*Task prompt*
Below are records to reproduce in full; copy them exactly but keep the pictures out.
-----
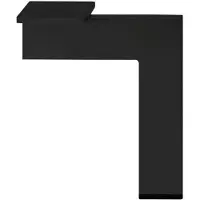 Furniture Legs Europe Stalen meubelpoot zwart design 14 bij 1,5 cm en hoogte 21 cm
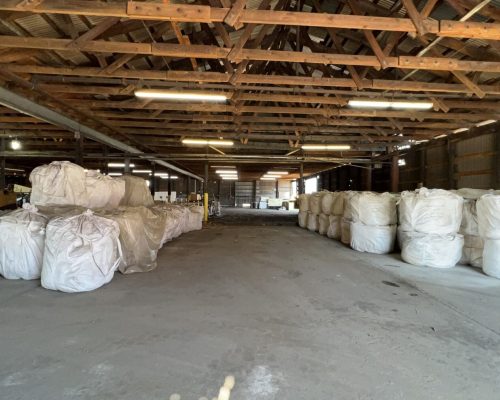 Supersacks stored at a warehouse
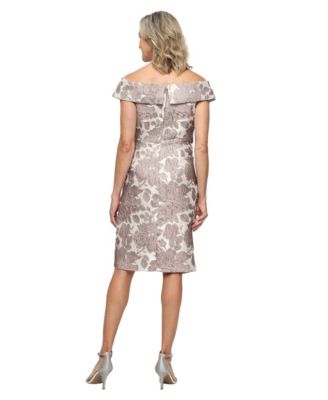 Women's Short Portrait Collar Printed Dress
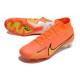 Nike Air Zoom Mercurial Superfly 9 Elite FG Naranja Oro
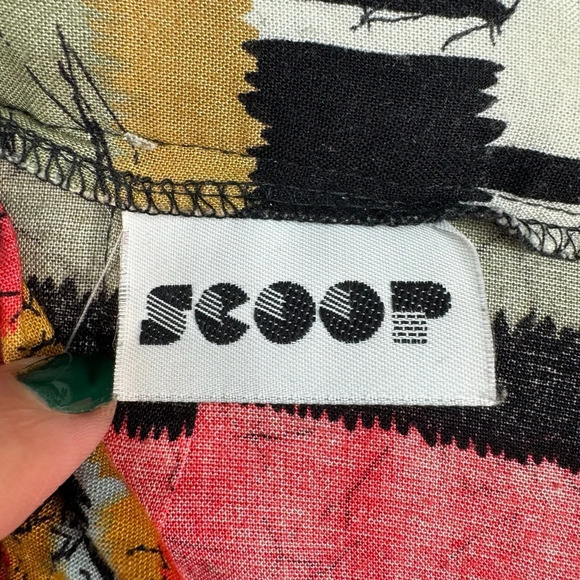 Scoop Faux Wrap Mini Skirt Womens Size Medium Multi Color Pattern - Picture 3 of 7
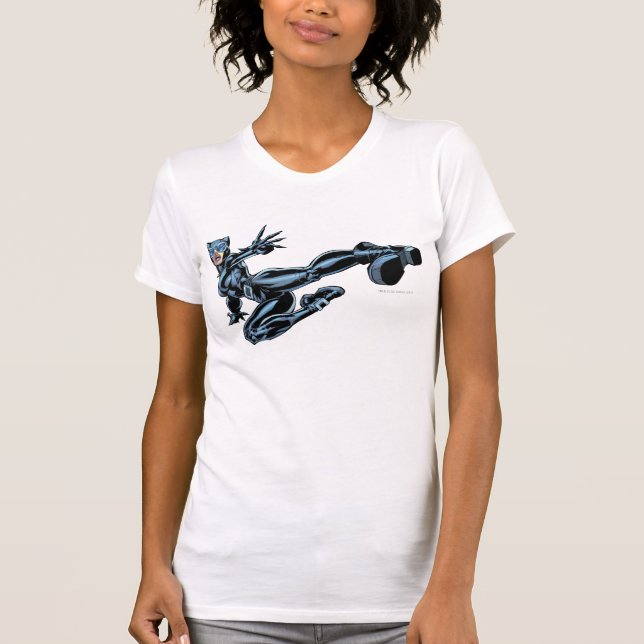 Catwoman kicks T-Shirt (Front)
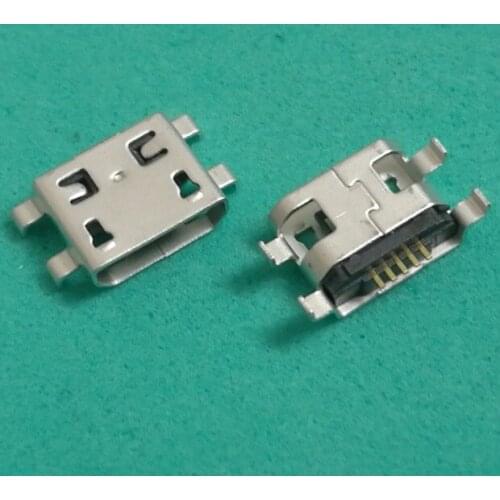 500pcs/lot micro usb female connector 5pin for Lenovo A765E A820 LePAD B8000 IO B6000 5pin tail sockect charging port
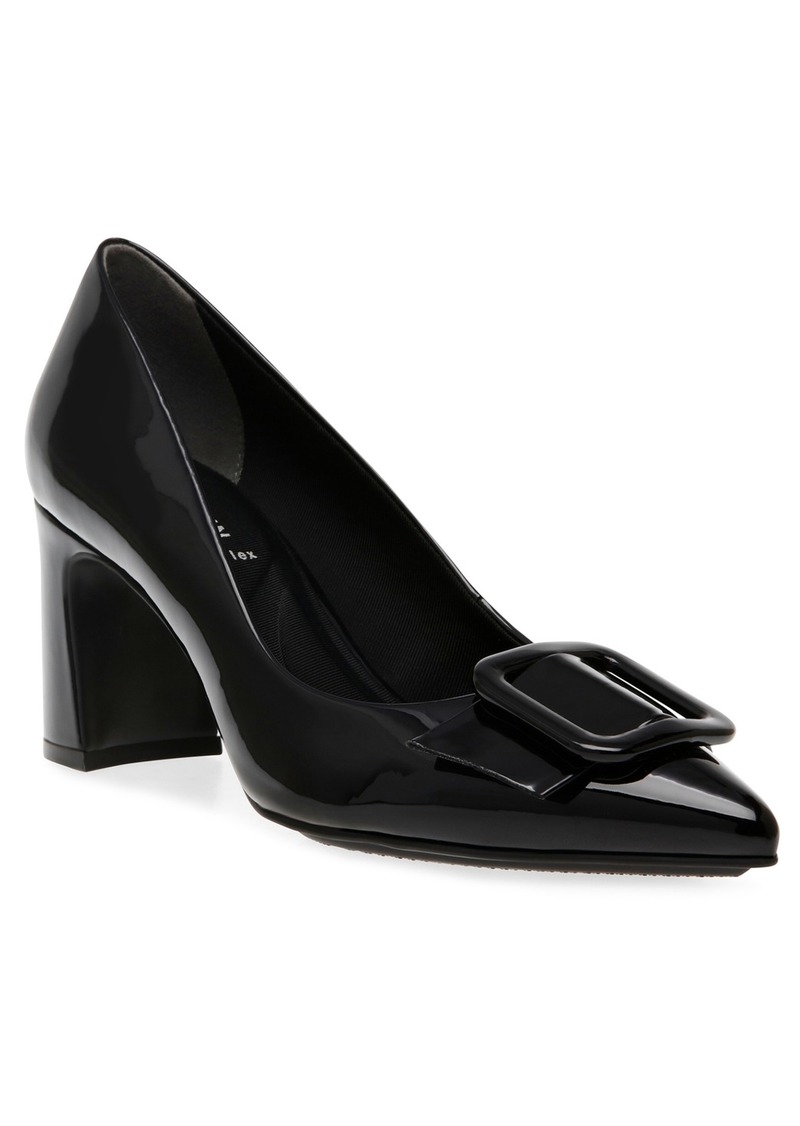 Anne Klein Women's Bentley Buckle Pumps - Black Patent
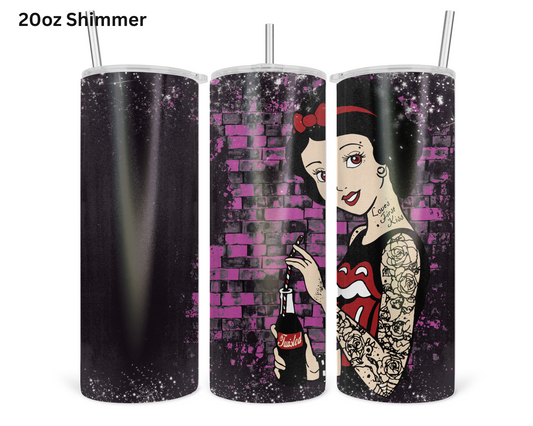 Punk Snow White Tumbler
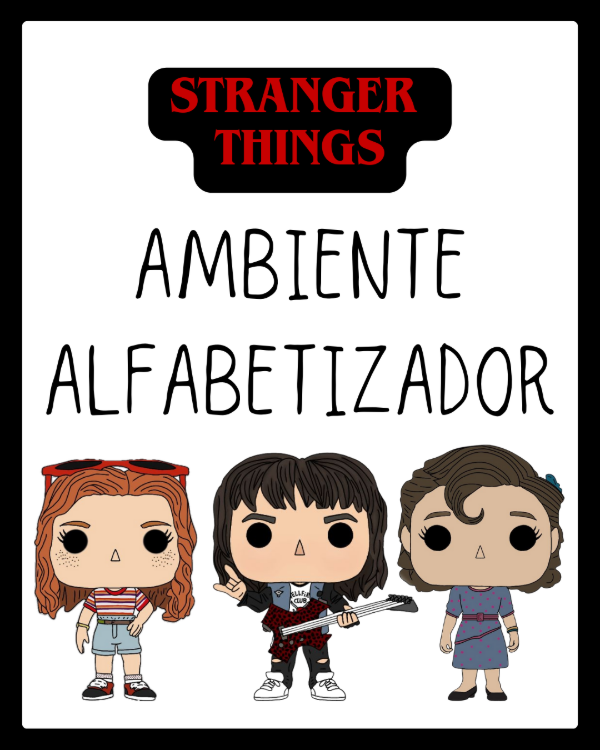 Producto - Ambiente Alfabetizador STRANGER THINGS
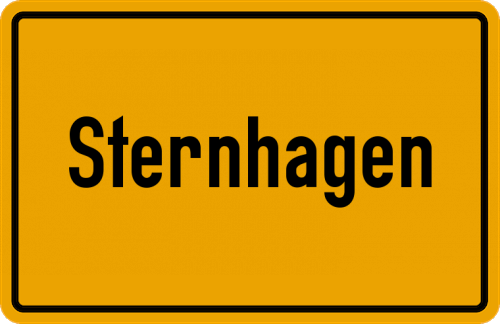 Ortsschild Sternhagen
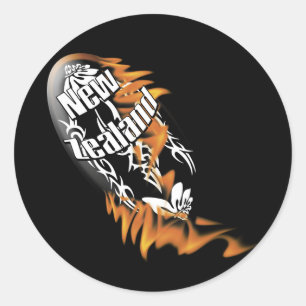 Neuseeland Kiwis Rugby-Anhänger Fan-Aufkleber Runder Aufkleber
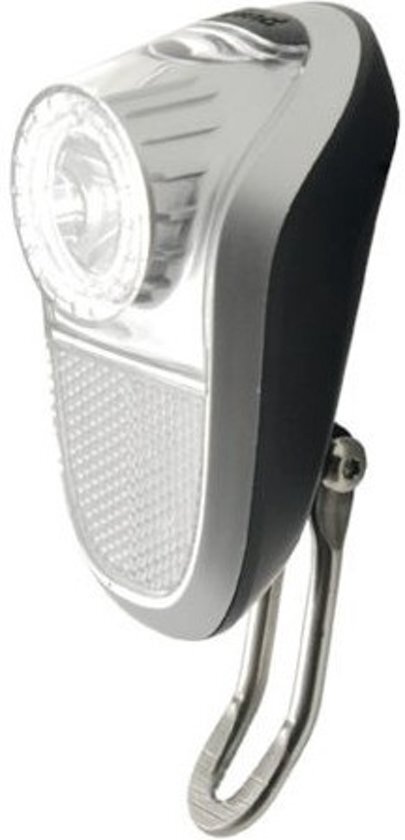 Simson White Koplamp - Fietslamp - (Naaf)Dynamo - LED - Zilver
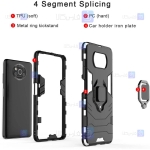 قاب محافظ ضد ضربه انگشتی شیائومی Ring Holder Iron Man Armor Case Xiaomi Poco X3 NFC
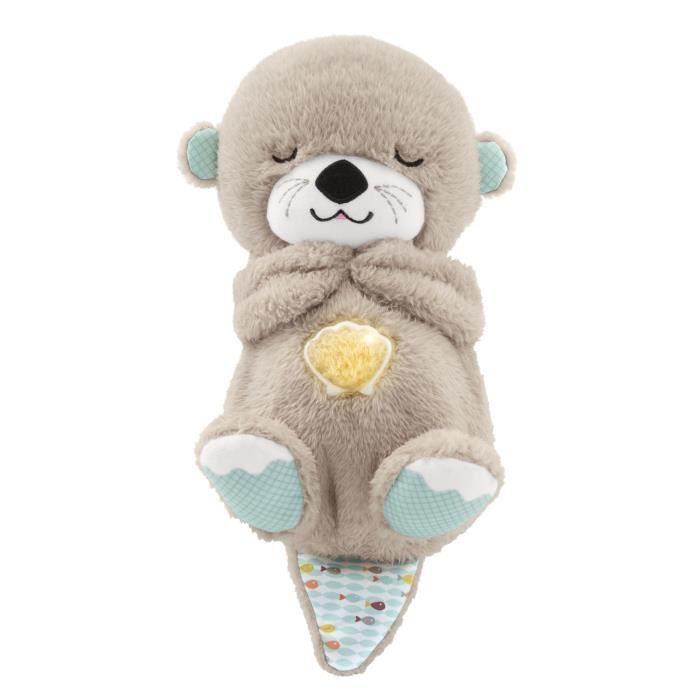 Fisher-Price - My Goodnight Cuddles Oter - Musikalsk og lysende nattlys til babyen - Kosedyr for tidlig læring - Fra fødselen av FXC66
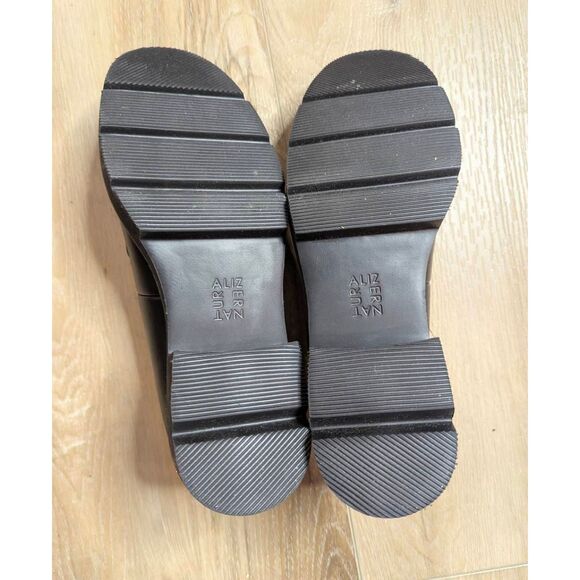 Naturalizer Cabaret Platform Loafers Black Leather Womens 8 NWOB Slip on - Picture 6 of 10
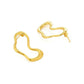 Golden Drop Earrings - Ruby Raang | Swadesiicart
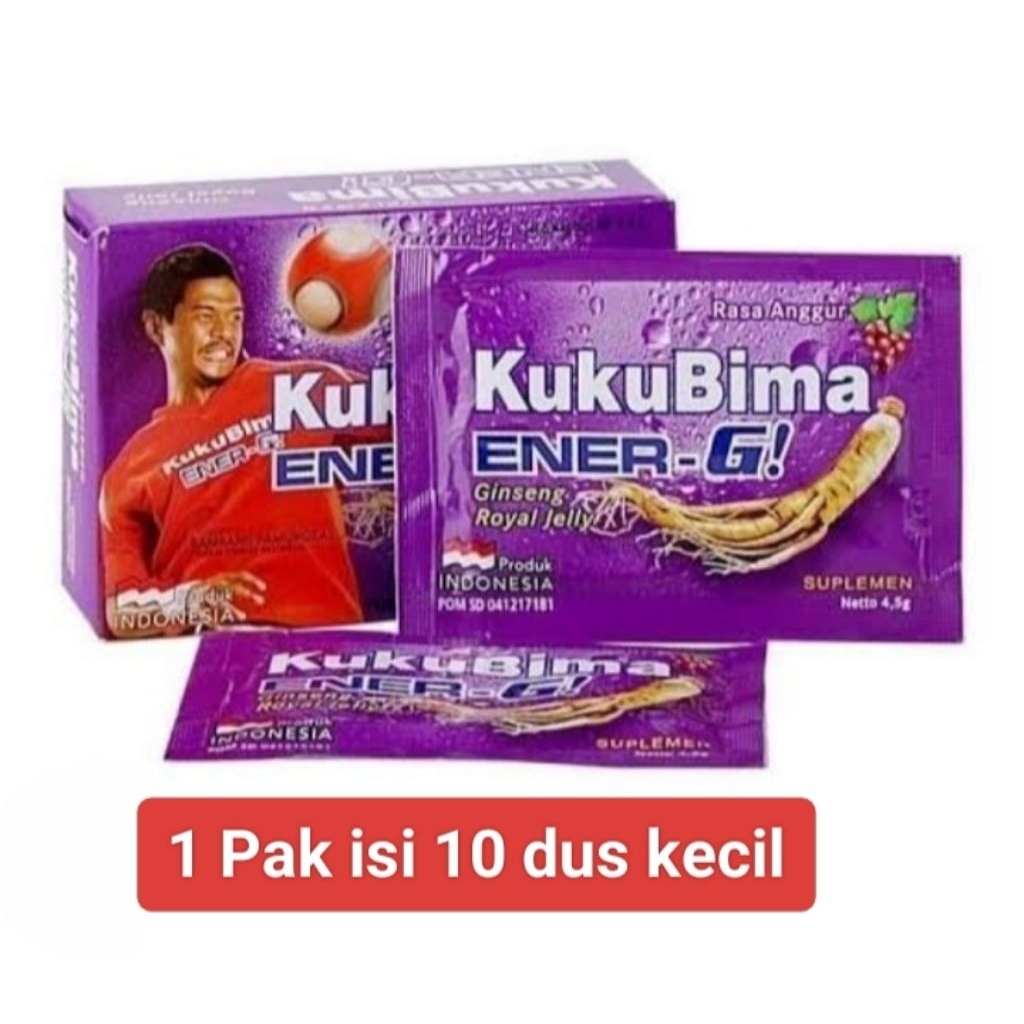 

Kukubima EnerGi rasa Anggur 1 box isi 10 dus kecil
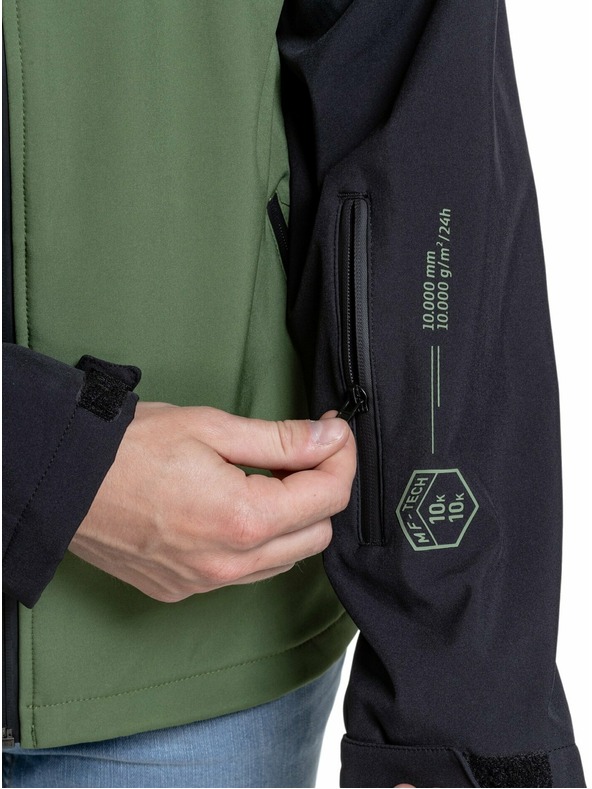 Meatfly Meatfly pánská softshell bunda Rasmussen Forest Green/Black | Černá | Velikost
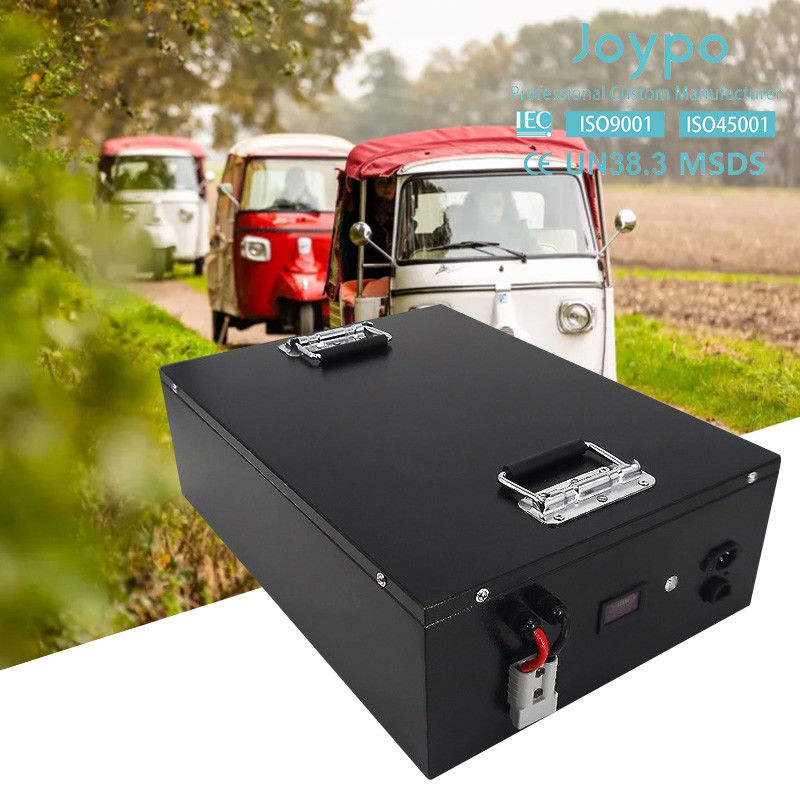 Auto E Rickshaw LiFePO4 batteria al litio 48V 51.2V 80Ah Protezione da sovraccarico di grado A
-----
*Expected output*
 Furniture Legs Europe Stalen meubelpoot zwart design 14 bij 1,5 cm en hoogte 21 cm
 Supersacks stored at a warehouse
 Women's Short Portrait Collar Printed Dress
 Nike Air Zoom Mercurial Superfly 9 Elite FG Naranja Oro
 Scoop Faux Wrap Mini Skirt Womens Size Medium Multi Color Pattern - Picture 3 of 7
 Catwoman kicks T-Shirt (Front)
 500pcs/lot micro usb female connector 5pin for Lenovo A765E A820 LePAD B8000 IO B6000 5pin tail sockect charging port
 Anne Klein Women's Bentley Buckle Pumps - Black Patent
 Punk Snow White Tumbler
 Producto - Ambiente Alfabetizador STRANGER THINGS
 Ortsschild Sternhagen
 Neuseeland Kiwis Rugby-Anhänger Fan-Aufkleber Runder Aufkleber
 Simson White Koplamp - Fietslamp - (Naaf)Dynamo - LED - Zilver
 قاب محافظ ضد ضربه انگشتی شیائومی Ring Holder Iron Man Armor Case Xiaomi Poco X3 NFC
 Fisher-Price - My Goodnight Cuddles Oter - Musikalsk og lysende nattlys til babyen - Kosedyr for tidlig læring - Fra fødselen av FXC66
 Naturalizer Cabaret Platform Loafers Black Leather Womens 8 NWOB Slip on - Picture 6 of 10
 Golden Drop Earrings - Ruby Raang | Swadesiicart

Kukubima EnerGi rasa Anggur 1 box isi 10 dus kecil
 Meatfly Meatfly pánská softshell bunda Rasmussen Forest Green/Black | Černá | Velikost
 Auto E Rickshaw LiFePO4 batteria al litio 48V 51.2V 80Ah Protezione da sovraccarico di grado A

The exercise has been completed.